God, did my David ever know how to lay on the charm! He did have a valid point, however. A mezuzah is a tiny prayer scroll inside an ornate box that is prominently hung on the doorposts of Jewish people’s homes. Not only does it fulfill one of God’s commandments - to display His word on the doorposts of one’s house - but it also shows one’s solidarity with the Jewish people. Even Danny and I, with our more secular views of Judaism, had a mezuzah on the doorpost of our dorm room. Perhaps it was just as important to show our solidarity with our fellow LGBT students by hanging David’s poster outside our dorm room?

“OK,” I agreed, “Let’s do it!”

David got a huge grin on his face as he got out the transparent tape and we set about affixing the poster to the outside of our dorm room door. Yup, if anyone didn’t know we were gay before, they’d know it now.

Our task accomplished, we went back to talking about the different classes we’d had that day, the classes we had yet to attend, and college life in general as we continued to listen to music. Eventually, our talking was combined with cuddling and kissing, and it was not long before we’d made ourselves more comfortable by stripping down to our boxers.

Soon, I was playing with the wonderfully soft, curly hair on David’s head and he was playing with the hair on my chest, and our occasional kisses led to full-fledged making out. It was in the midst of this that I thought of the irony of the situation, and began to laugh.

“What’s so funny,” David asked with a little laugh of his own.

“I was just thinking of how your dad sent you here to try to make you straight, and instead, you’re now living with your boyfriend, and prolly getting a hell of a lot more gay sex than you ever would have had you stayed back in New York.”

“True that,” David agreed. “’Course losing a hand was a fuckin’ heavy price to pay for it, but I’m happy, Danny boy. I’m happier than I’ve ever been in my life. Being together with you has made leaving home, living here and, yes, even losing my hand worth it in the end.”

As David gently stroked my chest, I sighed deeply and said, “I’ll never quite forgive your father for the loss of your hand even though I know it really wasn’t his fault…”

“No, it wasn’t,” David agreed. “He was just doing what he thought was best for me. I lost my hand, in part, thanks to the attitudes of people like my father, but it was a terrorist’s rocket that took my hand, and very nearly took my life.” David said quietly as he looked intently into my eyes.

“Truthfully,” he continued, “some of the right-wing Israeli extremists aren’t much better than the Palestinian terrorists. At least we don’t train our children to strap explosives to their bodies and kill themselves and everyone around them in crowded markets.”

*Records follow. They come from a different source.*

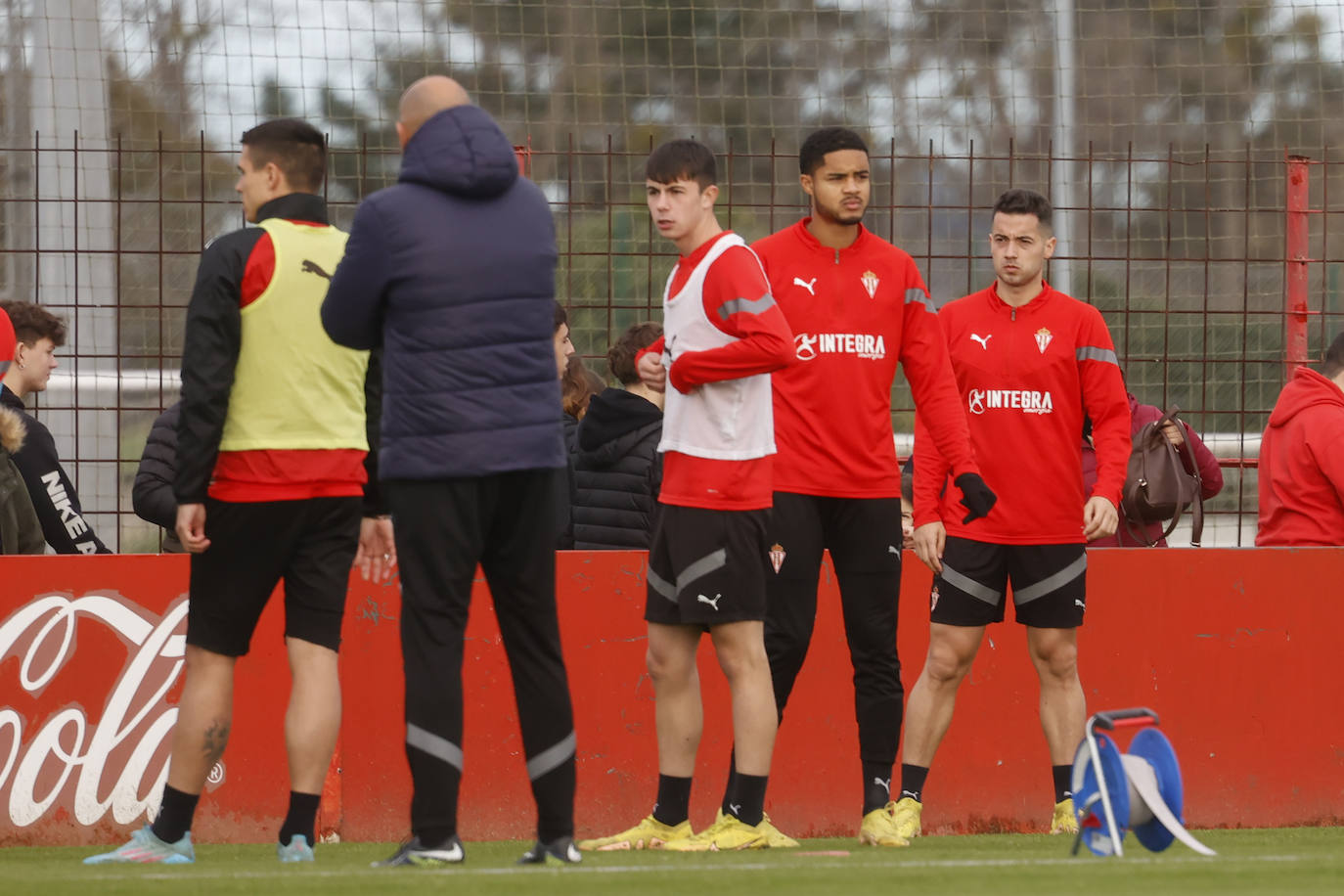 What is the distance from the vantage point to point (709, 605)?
5.21 meters

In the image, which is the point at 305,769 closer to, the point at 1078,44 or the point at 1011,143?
the point at 1011,143

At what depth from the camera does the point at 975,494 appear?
18.8 feet

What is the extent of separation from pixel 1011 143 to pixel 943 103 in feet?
34.4

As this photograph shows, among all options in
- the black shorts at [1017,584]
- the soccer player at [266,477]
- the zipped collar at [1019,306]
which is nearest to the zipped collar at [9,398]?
the soccer player at [266,477]

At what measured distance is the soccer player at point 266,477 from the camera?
496 centimetres

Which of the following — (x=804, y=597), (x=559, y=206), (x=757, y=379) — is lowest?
(x=804, y=597)

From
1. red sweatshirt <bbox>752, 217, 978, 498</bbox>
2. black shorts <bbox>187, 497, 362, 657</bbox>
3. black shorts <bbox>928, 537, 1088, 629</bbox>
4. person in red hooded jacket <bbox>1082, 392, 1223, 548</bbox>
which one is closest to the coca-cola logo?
black shorts <bbox>187, 497, 362, 657</bbox>

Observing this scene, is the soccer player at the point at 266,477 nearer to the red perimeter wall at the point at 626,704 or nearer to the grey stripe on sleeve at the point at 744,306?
the grey stripe on sleeve at the point at 744,306

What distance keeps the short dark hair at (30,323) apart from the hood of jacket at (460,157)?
2.99 meters

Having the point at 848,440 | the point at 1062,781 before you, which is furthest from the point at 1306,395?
the point at 848,440

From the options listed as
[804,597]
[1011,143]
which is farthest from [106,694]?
[1011,143]

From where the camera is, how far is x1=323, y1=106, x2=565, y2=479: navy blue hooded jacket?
461cm

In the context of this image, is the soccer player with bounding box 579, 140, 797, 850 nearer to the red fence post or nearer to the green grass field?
the green grass field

“No,” I agreed, “but bulldozing entire neighborhoods, while it may be ‘humane’, still deprives thousands of their homes and their livelihoods, and keeps them in indefinite poverty.”

“They bring a lot of that on themselves, Danny,” David countered.

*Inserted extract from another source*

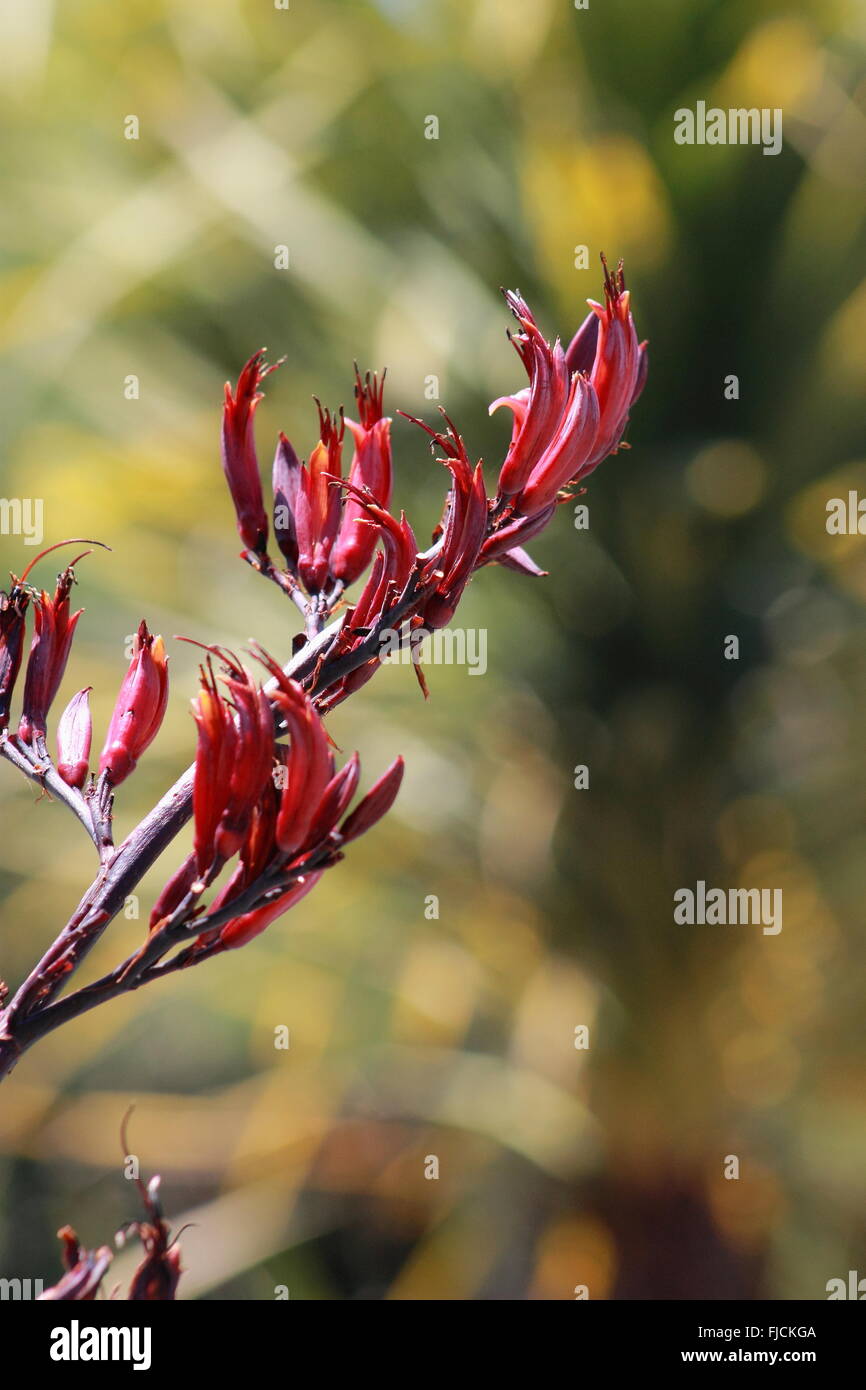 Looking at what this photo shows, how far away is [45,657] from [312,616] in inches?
2.8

“True,” I agreed, “but wouldn’t it make more sense to help them rise up out of poverty? It’s because of their desperation that they turn to organizations like Hamas and Hezbollah.”

Abandoning our foreplay, turning to lie on his back and staring up at the ceiling, David said, “We came so close once… sooo close, but then Arafat stormed out and began the Second Intifada. We offered them everything, too.”

“Everything but the right of return,” I countered, “and that was the deal breaker. But what a crock… giving them the right to reclaim property inside of Israel proper would have been like America giving all of its land back to the Indians. There would have been no Israel left if we did that. Still, I can’t help but wonder if we’d have offered to dismantle a bunch of the West Bank settlements, or negotiated a cash settlement, or both, if it might have been enough, you know? Wouldn’t it have been worth it to have avoided all the bloodshed we’ve had ever since?”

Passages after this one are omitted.